• PROBLEM: What should come back is the data below, word for word, minus any picture.

• SOURCE DATA:
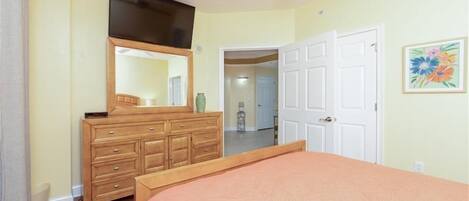 Un dormitorio con cama, cómoda, espejo y una puerta que da a otra habitación.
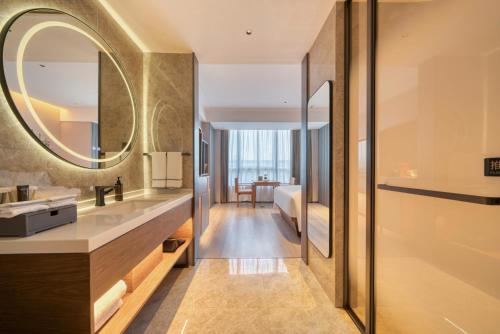 La salle de bains est pourvue d'un lavabo et d'un miroir. dans l'établissement UrCove Hangzhou North Grand Canal, à Hangzhou
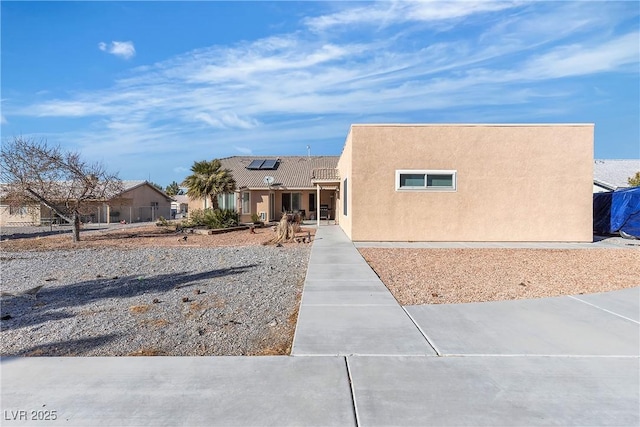 pueblo revival-style home featuring solar panels and stucco siding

• EXPECTED ANSWER:
 Un dormitorio con cama, cómoda, espejo y una puerta que da a otra habitación.
 La salle de bains est pourvue d'un lavabo et d'un miroir. dans l'établissement UrCove Hangzhou North Grand Canal, à Hangzhou
 pueblo revival-style home featuring solar panels and stucco siding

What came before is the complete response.